When I started this blog, I decided to open up and share about many aspects of my life. This vulnerability has honestly changed me and has connected me with people I’ve known for a long time, and people I’ve never met on the other side of the world. Sharing pieces of my life, good and bad, helps me and others know that we are not alone.
Recently I mentioned that I am experiencing hair loss. Which, is so embarrassing. I really have been going back and forth about how much I am comfortable sharing. I am a 31 year old, single, female, and I am rapidly balding. Pain? Anxiety? Depression? Grief? All things that I know other people go through, and all things I’ve gotten comfortable being uncomfortable talking about.
This week I was diagnosed with androgenetic alopecia. Basically, my body is producing hormones that it shouldn’t be, which is causing my hair loss. Oh, this is also male pattern baldness. So, ya know. That’s cool.
Again, this is so embarrassing. I feel like it’s the first thing people can see when they look at me. So, to overcome my anxiety about it I decided to just open up and deal with it. It’s nothing I did wrong or anything I can control. My body is out of whack a bit (what else is new) and I need to do what I can to fix it.

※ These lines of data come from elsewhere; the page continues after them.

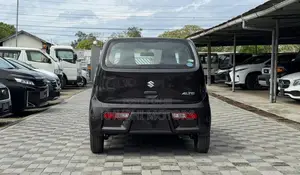 Suzuki Alto 2018 Brown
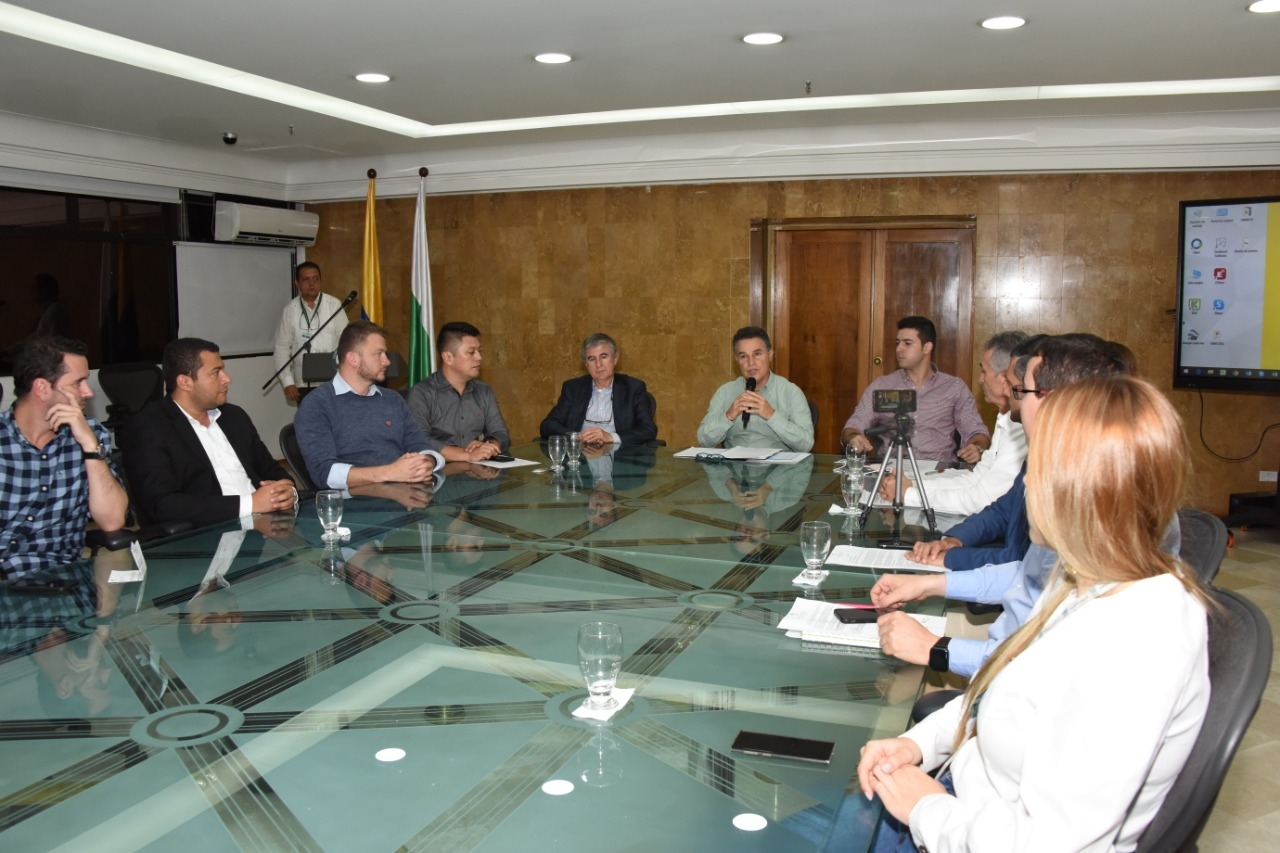 Antioquia declara la Calamidad Pública para hacer frente al Covid-19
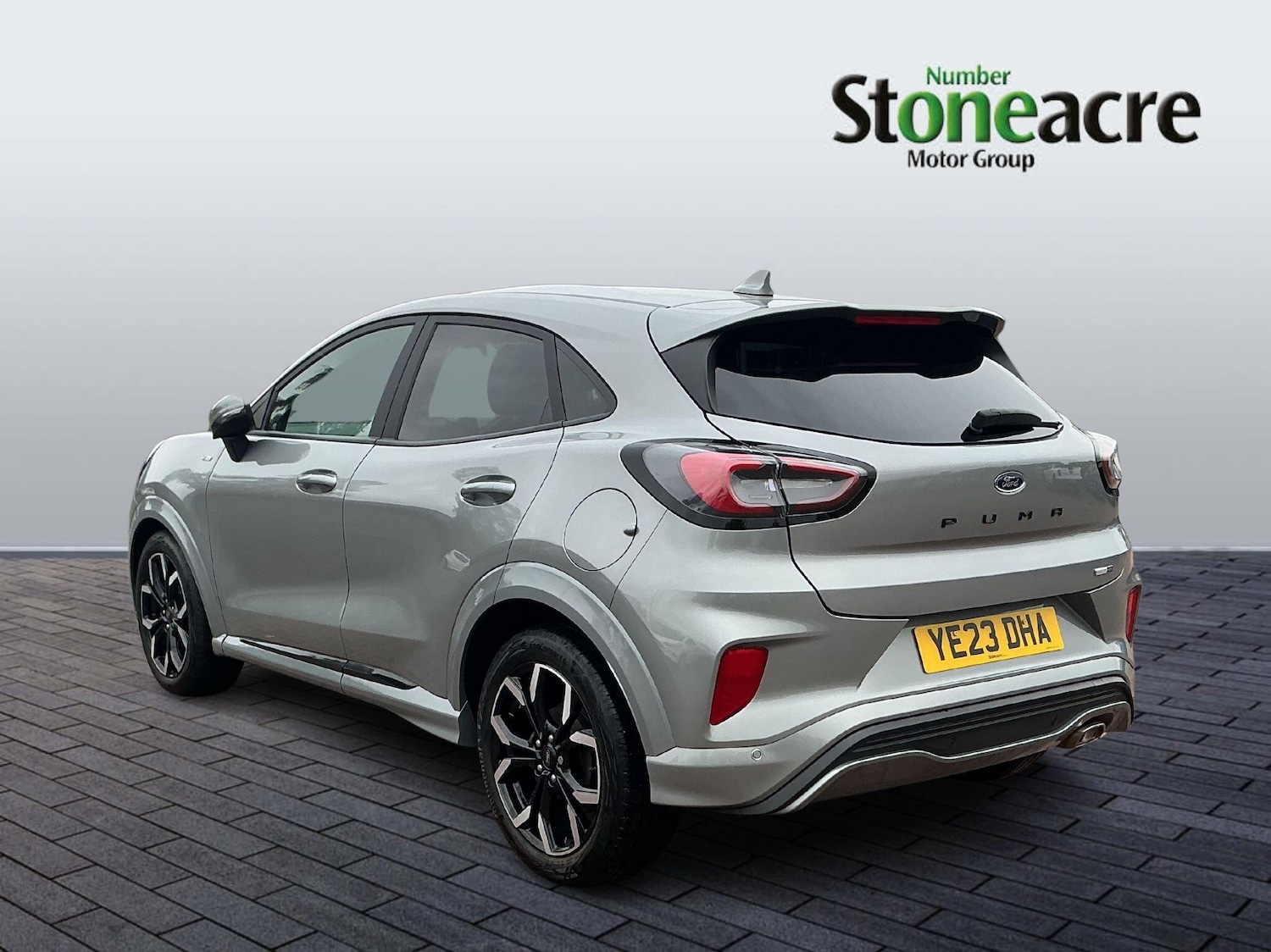 Used Ford Puma 2023 for sale - 76596947: Photo 4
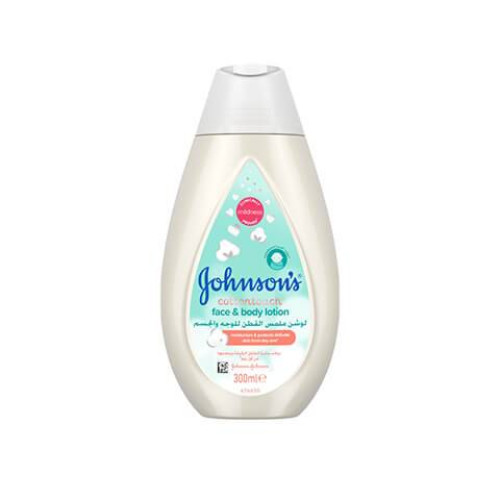Johnson’s Baby Face & Body Lotion Cotton touch - 200ml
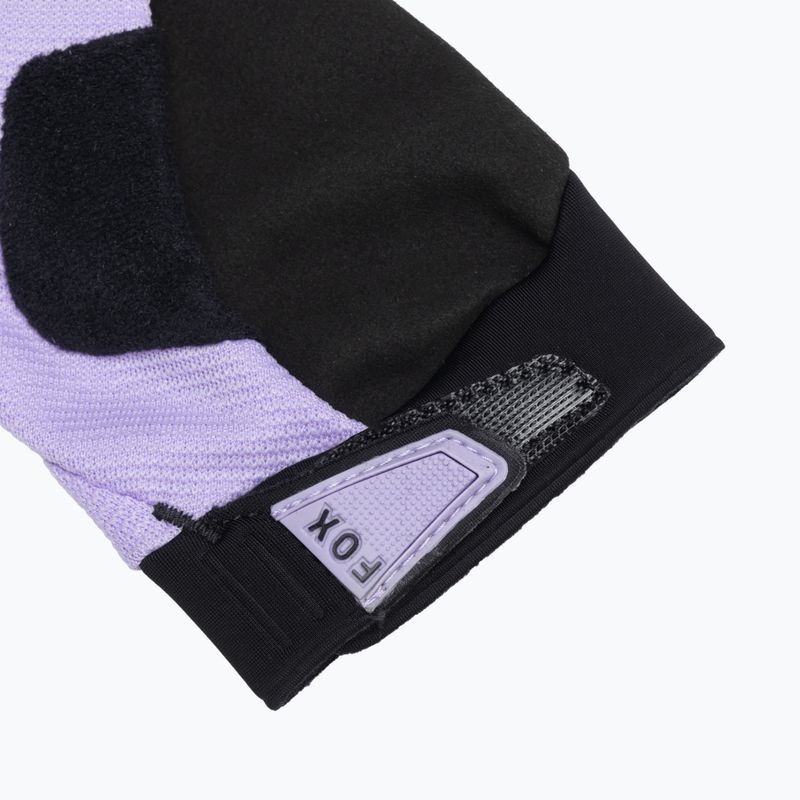 Дамски ръкавици за колоездене Fox Racing Ranger W lilac 6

So, how do they treat it? Well…. I am on prescription shampoo twice a week, and an over-the-counter shampoo and conditioner in between and have apply Rogaine every day. On top of that, I am taking a prescription that is ironically primarily used for congestive heart failure, which, is essentially what led to losing my dad. The universe can be a funny bitch, can’t she? The medication is an anti-androgen, so it should hopefully combat and level out my hormones and stop my hair from falling out. The medication is also a water pill (to get rid of the excess fluid building up around the heart and lungs in heart failure), as if I don’t pee all the time anyway. This is all a major lifestyle change for a girl who only washed her hair twice a week.
I don’t want to sound ungrateful. I know the diagnosis could have been much worse. I was tested for lupus, and many other things, and this is honestly the best case scenario. As much as I know that and remind myself that, it still sucks. This past year I’ve felt like the universe hasn’t had my back, and this is just reinforcing that feeling.
Like I said before, I’ve opened up and connected with other people on less than pleasant things before, so I’m going to be open about this as well. So, here are some very embarrassing photos of my balding head. I didn’t look good bald as a baby, which is why my parents hid my bald head with my brother’s Santa hat, so fingers crossed this treatment works!
Okay, now that I distracted you with a baby picture, here is my balding head.
Based on all of this, I’m in the market for cute hats if anyone has any recommendations.
I know this could be worse. And that people have much worse diagnoses and problems, but this does suck. A lot. I’m doing my best to stay positive and optimistic. If anyone else is going through this, don’t hesitate to reach out. You’re not alone.